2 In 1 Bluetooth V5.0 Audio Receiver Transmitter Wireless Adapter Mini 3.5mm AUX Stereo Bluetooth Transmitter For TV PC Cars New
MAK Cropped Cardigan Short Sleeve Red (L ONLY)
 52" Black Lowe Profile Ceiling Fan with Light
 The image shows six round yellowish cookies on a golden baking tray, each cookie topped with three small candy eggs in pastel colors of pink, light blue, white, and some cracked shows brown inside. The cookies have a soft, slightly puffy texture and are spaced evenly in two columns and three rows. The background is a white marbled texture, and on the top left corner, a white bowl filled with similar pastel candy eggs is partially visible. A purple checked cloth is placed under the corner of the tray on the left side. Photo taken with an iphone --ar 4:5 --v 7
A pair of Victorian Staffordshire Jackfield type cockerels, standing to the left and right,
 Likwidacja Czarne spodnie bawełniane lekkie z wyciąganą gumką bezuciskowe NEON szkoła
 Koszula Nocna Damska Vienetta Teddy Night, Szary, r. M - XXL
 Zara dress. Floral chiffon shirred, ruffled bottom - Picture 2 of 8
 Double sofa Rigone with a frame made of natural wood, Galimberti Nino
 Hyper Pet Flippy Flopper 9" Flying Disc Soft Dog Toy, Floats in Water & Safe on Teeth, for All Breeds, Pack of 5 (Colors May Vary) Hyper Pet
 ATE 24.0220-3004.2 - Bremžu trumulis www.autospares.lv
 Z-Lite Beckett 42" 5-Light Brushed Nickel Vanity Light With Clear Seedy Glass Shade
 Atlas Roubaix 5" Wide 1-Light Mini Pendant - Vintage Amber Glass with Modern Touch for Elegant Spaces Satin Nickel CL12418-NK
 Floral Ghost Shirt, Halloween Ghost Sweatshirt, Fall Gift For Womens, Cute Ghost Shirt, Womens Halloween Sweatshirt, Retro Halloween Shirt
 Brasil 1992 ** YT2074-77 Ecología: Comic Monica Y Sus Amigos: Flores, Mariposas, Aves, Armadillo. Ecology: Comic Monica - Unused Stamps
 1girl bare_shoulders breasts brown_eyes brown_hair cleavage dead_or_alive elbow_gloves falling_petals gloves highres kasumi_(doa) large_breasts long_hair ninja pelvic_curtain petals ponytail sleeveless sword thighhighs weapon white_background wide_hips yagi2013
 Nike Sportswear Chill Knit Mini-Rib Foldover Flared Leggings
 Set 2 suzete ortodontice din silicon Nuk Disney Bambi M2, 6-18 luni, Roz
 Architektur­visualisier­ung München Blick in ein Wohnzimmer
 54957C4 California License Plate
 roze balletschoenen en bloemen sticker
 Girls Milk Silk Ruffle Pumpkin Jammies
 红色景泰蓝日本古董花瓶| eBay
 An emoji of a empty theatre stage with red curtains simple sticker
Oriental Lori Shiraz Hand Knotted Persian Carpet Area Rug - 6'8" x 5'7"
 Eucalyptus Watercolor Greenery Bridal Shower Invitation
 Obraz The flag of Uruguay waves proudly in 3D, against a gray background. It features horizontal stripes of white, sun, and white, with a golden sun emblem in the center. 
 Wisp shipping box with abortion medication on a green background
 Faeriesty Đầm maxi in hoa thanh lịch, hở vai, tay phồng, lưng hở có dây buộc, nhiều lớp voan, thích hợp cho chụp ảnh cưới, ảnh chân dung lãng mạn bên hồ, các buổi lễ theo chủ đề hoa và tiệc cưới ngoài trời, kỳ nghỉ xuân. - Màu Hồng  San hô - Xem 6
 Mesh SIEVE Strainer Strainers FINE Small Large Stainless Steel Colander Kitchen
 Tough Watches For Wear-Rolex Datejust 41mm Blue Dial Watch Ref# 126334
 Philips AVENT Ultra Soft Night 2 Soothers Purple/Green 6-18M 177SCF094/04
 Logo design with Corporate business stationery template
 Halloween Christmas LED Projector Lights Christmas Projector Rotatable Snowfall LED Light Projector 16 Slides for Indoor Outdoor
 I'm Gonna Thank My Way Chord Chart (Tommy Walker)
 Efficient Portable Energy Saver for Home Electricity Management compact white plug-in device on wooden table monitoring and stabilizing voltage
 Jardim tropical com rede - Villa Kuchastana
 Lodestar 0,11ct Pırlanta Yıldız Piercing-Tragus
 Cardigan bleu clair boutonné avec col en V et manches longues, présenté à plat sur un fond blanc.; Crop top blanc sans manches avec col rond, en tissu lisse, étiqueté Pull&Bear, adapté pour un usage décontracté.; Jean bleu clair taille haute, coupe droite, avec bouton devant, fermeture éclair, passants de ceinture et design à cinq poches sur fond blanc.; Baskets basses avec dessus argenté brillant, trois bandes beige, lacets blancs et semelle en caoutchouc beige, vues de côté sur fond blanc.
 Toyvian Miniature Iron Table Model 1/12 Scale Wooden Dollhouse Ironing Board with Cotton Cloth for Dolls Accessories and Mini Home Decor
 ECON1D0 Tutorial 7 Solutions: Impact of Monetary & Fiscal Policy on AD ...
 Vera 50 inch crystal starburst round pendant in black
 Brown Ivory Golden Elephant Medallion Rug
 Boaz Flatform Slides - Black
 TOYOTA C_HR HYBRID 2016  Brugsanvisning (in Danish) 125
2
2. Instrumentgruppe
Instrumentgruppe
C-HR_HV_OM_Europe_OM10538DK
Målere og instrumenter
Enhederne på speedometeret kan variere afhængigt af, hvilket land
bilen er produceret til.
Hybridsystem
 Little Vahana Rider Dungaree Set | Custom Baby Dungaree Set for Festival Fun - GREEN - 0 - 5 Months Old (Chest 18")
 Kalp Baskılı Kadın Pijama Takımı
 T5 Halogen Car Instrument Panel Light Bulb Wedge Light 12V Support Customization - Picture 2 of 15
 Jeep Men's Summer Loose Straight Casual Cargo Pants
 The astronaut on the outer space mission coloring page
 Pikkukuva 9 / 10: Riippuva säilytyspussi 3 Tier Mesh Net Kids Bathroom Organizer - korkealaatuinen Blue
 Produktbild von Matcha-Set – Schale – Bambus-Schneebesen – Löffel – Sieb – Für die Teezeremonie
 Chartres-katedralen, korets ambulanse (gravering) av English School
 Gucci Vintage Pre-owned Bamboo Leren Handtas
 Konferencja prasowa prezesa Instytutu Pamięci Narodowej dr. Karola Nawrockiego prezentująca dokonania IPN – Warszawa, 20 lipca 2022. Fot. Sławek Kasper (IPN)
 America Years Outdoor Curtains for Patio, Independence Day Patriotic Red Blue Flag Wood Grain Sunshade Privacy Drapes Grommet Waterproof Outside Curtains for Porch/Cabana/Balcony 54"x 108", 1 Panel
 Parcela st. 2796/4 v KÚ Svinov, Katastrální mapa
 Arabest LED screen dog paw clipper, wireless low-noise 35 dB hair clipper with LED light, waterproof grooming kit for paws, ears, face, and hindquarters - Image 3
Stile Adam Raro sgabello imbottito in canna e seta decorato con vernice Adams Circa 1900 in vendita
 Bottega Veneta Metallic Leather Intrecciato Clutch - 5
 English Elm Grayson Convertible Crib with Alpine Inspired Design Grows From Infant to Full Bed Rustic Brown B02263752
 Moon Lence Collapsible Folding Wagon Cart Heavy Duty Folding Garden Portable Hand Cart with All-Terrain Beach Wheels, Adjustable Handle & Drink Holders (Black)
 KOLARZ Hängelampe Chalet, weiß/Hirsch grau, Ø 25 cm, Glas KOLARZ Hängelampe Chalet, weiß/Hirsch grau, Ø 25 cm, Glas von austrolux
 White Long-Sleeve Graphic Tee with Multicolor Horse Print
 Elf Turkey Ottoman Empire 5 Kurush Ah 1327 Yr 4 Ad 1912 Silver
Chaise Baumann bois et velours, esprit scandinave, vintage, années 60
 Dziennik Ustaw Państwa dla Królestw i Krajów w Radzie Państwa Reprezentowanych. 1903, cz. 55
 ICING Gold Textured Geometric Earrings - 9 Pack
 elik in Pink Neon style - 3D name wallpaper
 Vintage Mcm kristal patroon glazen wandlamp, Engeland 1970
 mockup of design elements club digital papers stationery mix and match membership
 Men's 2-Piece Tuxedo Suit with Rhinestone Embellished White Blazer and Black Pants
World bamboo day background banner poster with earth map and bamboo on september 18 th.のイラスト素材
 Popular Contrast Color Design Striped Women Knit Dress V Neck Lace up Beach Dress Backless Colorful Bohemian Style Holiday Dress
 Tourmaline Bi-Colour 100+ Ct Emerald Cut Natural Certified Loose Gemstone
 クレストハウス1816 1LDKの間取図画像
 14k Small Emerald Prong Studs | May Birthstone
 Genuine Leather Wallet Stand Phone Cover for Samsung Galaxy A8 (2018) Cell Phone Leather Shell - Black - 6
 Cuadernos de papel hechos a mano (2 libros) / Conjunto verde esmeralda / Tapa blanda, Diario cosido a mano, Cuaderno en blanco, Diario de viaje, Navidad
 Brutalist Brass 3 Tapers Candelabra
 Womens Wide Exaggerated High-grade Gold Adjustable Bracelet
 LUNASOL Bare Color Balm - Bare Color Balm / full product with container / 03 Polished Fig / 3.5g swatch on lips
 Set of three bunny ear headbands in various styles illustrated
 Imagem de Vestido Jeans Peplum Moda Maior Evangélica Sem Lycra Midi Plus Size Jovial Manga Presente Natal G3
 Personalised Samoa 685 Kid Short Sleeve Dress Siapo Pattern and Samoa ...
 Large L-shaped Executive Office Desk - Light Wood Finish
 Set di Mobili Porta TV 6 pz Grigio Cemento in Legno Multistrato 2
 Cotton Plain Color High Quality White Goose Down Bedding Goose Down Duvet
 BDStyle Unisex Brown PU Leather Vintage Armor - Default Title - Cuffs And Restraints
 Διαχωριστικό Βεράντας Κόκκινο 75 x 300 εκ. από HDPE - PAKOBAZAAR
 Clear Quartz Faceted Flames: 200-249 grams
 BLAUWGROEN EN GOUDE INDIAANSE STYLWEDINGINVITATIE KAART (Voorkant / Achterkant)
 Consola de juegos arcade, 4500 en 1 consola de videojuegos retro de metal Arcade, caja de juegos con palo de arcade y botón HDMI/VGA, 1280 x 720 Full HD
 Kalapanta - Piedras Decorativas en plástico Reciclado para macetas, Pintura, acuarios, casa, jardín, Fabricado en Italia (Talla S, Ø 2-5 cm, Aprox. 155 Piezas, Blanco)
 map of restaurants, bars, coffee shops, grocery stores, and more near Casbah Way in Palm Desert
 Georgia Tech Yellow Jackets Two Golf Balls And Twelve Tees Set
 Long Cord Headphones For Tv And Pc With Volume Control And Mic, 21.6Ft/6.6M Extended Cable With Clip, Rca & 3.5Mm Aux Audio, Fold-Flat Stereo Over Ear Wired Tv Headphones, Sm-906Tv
━━━
> DIRECTIONS:
Write out only those lines that fall between the one containing "Brutalist Brass 3 Tapers Candelabra" and the end of the entries, the first and last included, exactly as they read.

> FINISHED EXERCISE:
 Brutalist Brass 3 Tapers Candelabra
 Womens Wide Exaggerated High-grade Gold Adjustable Bracelet
 LUNASOL Bare Color Balm - Bare Color Balm / full product with container / 03 Polished Fig / 3.5g swatch on lips
 Set of three bunny ear headbands in various styles illustrated
 Imagem de Vestido Jeans Peplum Moda Maior Evangélica Sem Lycra Midi Plus Size Jovial Manga Presente Natal G3
 Personalised Samoa 685 Kid Short Sleeve Dress Siapo Pattern and Samoa ...
 Large L-shaped Executive Office Desk - Light Wood Finish
 Set di Mobili Porta TV 6 pz Grigio Cemento in Legno Multistrato 2
 Cotton Plain Color High Quality White Goose Down Bedding Goose Down Duvet
 BDStyle Unisex Brown PU Leather Vintage Armor - Default Title - Cuffs And Restraints
 Διαχωριστικό Βεράντας Κόκκινο 75 x 300 εκ. από HDPE - PAKOBAZAAR
 Clear Quartz Faceted Flames: 200-249 grams
 BLAUWGROEN EN GOUDE INDIAANSE STYLWEDINGINVITATIE KAART (Voorkant / Achterkant)
 Consola de juegos arcade, 4500 en 1 consola de videojuegos retro de metal Arcade, caja de juegos con palo de arcade y botón HDMI/VGA, 1280 x 720 Full HD
 Kalapanta - Piedras Decorativas en plástico Reciclado para macetas, Pintura, acuarios, casa, jardín, Fabricado en Italia (Talla S, Ø 2-5 cm, Aprox. 155 Piezas, Blanco)
 map of restaurants, bars, coffee shops, grocery stores, and more near Casbah Way in Palm Desert
 Georgia Tech Yellow Jackets Two Golf Balls And Twelve Tees Set
 Long Cord Headphones For Tv And Pc With Volume Control And Mic, 21.6Ft/6.6M Extended Cable With Clip, Rca & 3.5Mm Aux Audio, Fold-Flat Stereo Over Ear Wired Tv Headphones, Sm-906Tv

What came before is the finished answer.